Background Lung cancer is currently the leading cause of cancer death. Despite its high incidence and mortality, there are few studies describing its symptoms at diagnosis broken down by tumour stage and tobacco use. Accordingly, this study was proposed to describe the frequency of the most common symptoms of non-small cell lung cancer and small cell lung cancer (SCLC) at diagnosis, with a breakdown by stage and tobacco use.

Patients and methods Cases were collected from the Spanish Thoracic Tumour Registry, a nationwide registry sponsored by the Spanish Lung Cancer Group.
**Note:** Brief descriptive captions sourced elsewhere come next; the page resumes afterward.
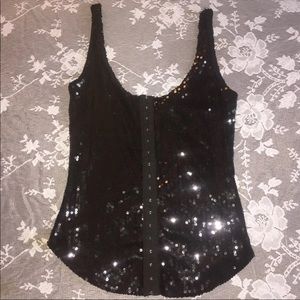 Xs black sequence top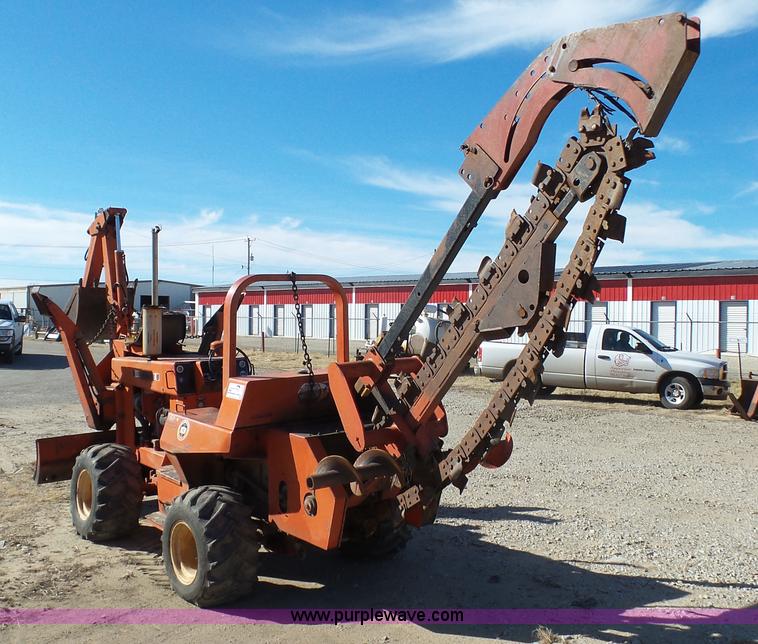 image for item J7278 Ditch Witch 6510 trencher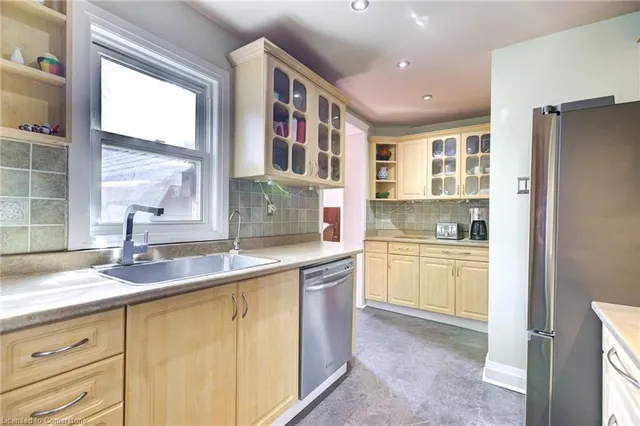 Additional image 33 of 93 Stirling Ave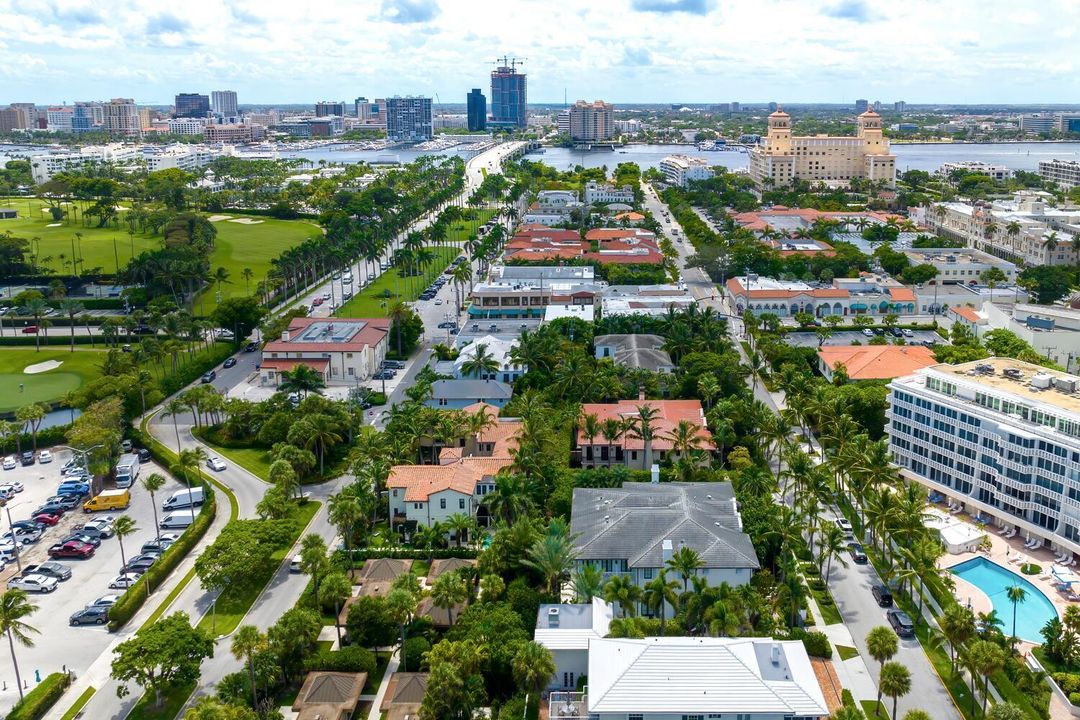 For Sale: $13,850,000 (4 beds, 5 baths, 4530 Square Feet)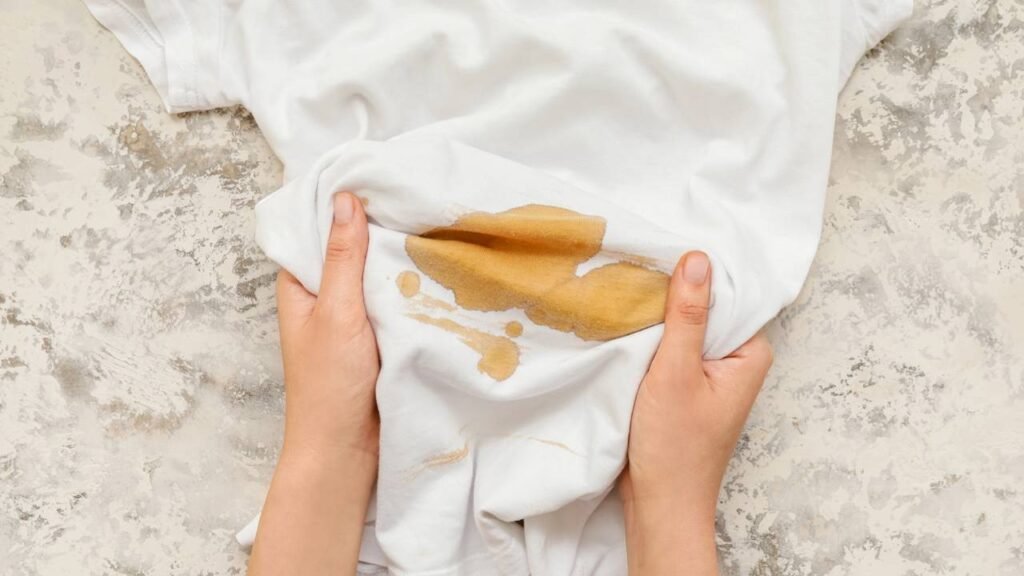 Como remover manchas de suor de camisetas com um truque caseiro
More than 50 hospitals recruited histologically confirmed lung cancer cases and information was gathered through personal interview plus data contained in the electronic clinical record. There were no data available on the lag between the appearance of the first symptoms and diagnosis of lung cancer.

Results A total of 9876 patients (74% male, median age 64 years) were recruited from 2016 to 2019. Of these, 12.5% presented with SCLC. Stage IV was the most frequent stage at diagnosis (46.6%), and the most frequent symptom was cough (33.9%), followed by dyspnoea (26.7%). No symptom was present in 59% of patients diagnosed in stage I; 40% of stage I patients presented with at least one symptom, while 27.7% of patients in stage IV had no symptoms at diagnosis. Cough was the most frequent symptom in SCLC (40.6%), followed by dyspnoea (34.3%). The number of symptoms was similar across the respective smoking categories in SCLC, and differences between the symptoms analysed did not exceed 7% in any case.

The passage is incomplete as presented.